Meet the man building an AI that mimics our neocortex – and could kill off neural networks
Palm founder Jeff Hawkins on his life's work
An absolutely crucial ingredient to AI
Time "is one hundred per cent crucial" to the creation of true artificial intelligence, Hawkins told us. "If you accept the fact intelligent machines are going to work on the principles of the neocortex, it is the entire thing, basically. The only way.
"The brain does two things: it does inference, which is recognizing patterns, and it does behavior, which is generating patterns or generating motor behavior.
"Ninety-nine percent of inference is time-based – language, audition, touch – it's all time-based. You can't understand touch without moving your hand. The order in which patterns occur is very important."
Numenta's approach relies on time. Its Cortical Learning Algorithm [white papers] amounts to an engine for processing streams of information, classifying them, learning to spot differences, and using time-based patterns to make predictions about the future.
As mentioned above, there are several efforts underway at companies like IBM and federal research agencies like DARPA to implement Hawkins' systems in custom processor chips, and these schemes all recognize the importance of Hawkins' reliance on time.
"What I found intriguing about [his approach] – time is not an afterthought. In all of these [other] things, time has been an afterthought," one well-placed source currently working on implementing Hawkins' ideas told us.
So far, Hawkins has used his system to make predictions of diverse phenomena such as hourly energy use and stock trading volumes, and to detect anomalies in data streams. Numenta's commercial product, Grok, detects anomalies in computer servers running on Amazon's cloud service.
Hawkins described to us one way to understand the power of this type of pattern recognition. "Imagine you are listening to a musician," he suggested. "After hearing her play for several days, you learn the kind of music she plays, how talented she is, how much she improvises, and how many mistakes she makes. Your brain learns her style, and then has expectations about what she will play and what it will sound like.

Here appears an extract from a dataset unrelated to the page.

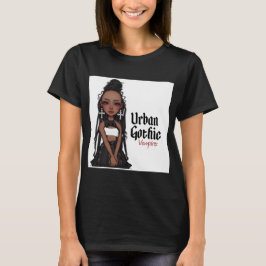アーバンゴシックVampiresシャツ1 Tシャツ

"As you continue to listen to her play, you will detect if her style changes, if the type of music she plays changes, or if she starts making more errors. The same kind of patterns exist in machine-generated data, and Grok will detect changes."
Here again the wider AI community appears to be dovetailing into Hawkins' ideas: one of Prof Ng's former Stanford students Honglak Lee published the paper A classification-based polyphonic piano transcription approach using learned feature representations in 2011. However, the implementation of this classification engine differs from the CLA approach.
How to memorize information like the human brain
Part of the reason why Hawkins' technology is not more widely known is because, for current uses, it is hard to demonstrate a vast lead over rival approaches. For all of Hawkins' belief in the tech, it is difficult to demonstrate a convincing killer application for it that other approaches can't do. The point, Hawkins said, is that the CLA's internal structure gets rid of some of the stumbling blocks that will eventually trip up rival algorithms in the future.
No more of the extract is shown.